Content starts
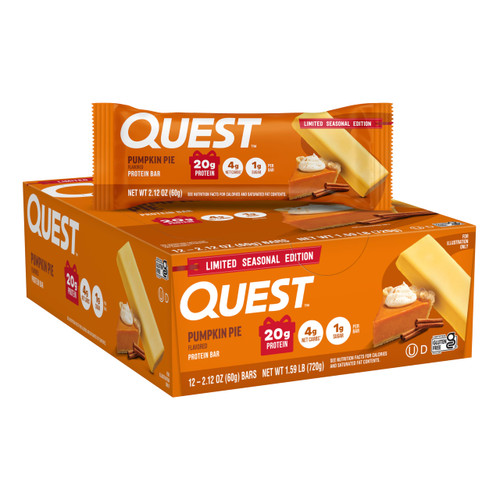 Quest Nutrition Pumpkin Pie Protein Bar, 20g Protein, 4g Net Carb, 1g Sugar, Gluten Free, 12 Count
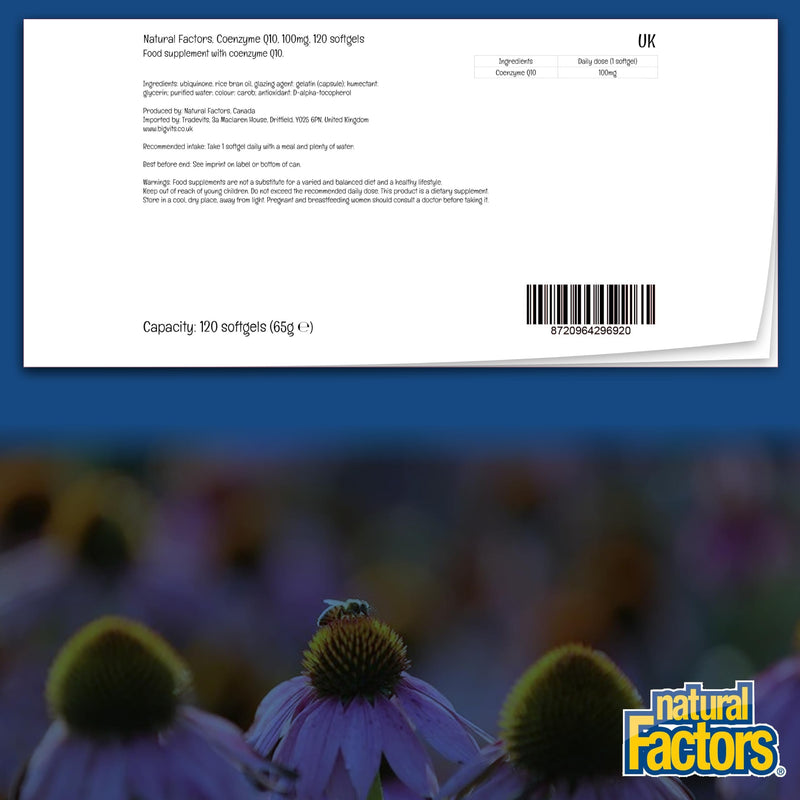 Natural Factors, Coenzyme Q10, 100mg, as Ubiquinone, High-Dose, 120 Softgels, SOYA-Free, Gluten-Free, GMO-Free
Content ends
Content starts
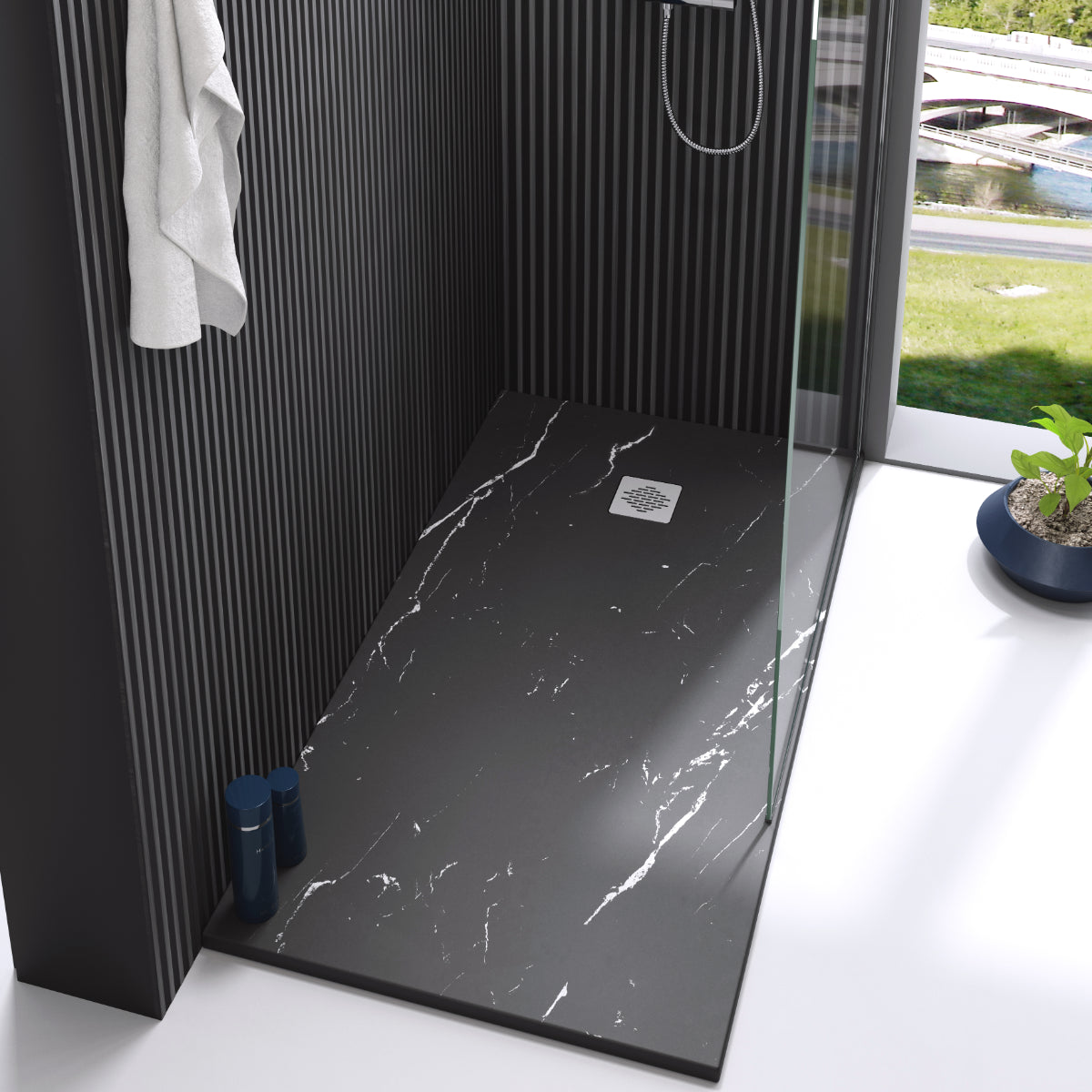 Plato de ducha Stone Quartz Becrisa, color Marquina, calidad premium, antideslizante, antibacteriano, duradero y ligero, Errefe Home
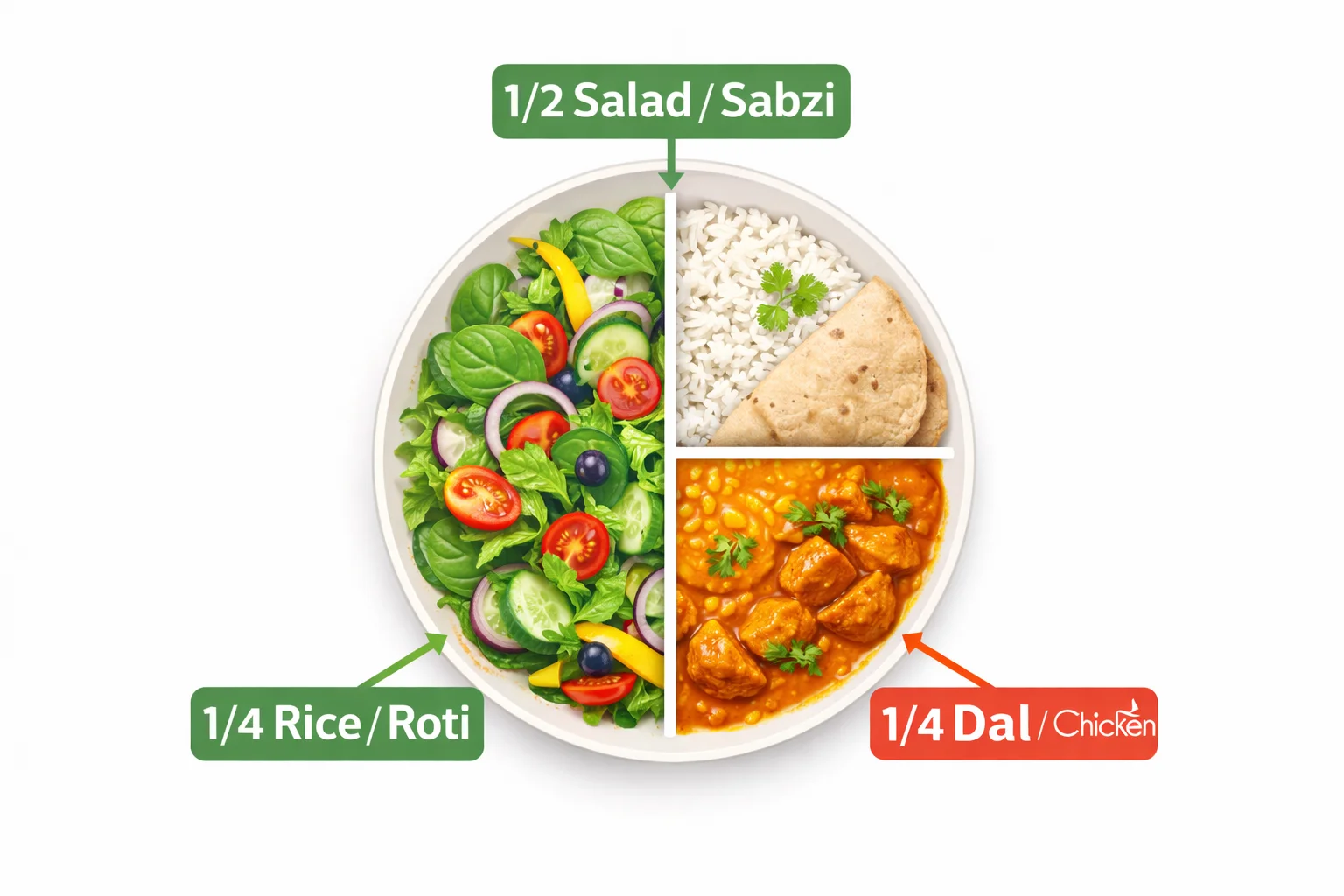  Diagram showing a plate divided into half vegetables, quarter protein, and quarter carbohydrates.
Content ends
Within the listing above, write out the stretch from the line with "Quest Nutrition Pumpkin" through the line with "Natural Factors, Coenzyme" exactly. Any pictures are to be left out.

 Quest Nutrition Pumpkin Pie Protein Bar, 20g Protein, 4g Net Carb, 1g Sugar, Gluten Free, 12 Count
 Natural Factors, Coenzyme Q10, 100mg, as Ubiquinone, High-Dose, 120 Softgels, SOYA-Free, Gluten-Free, GMO-Free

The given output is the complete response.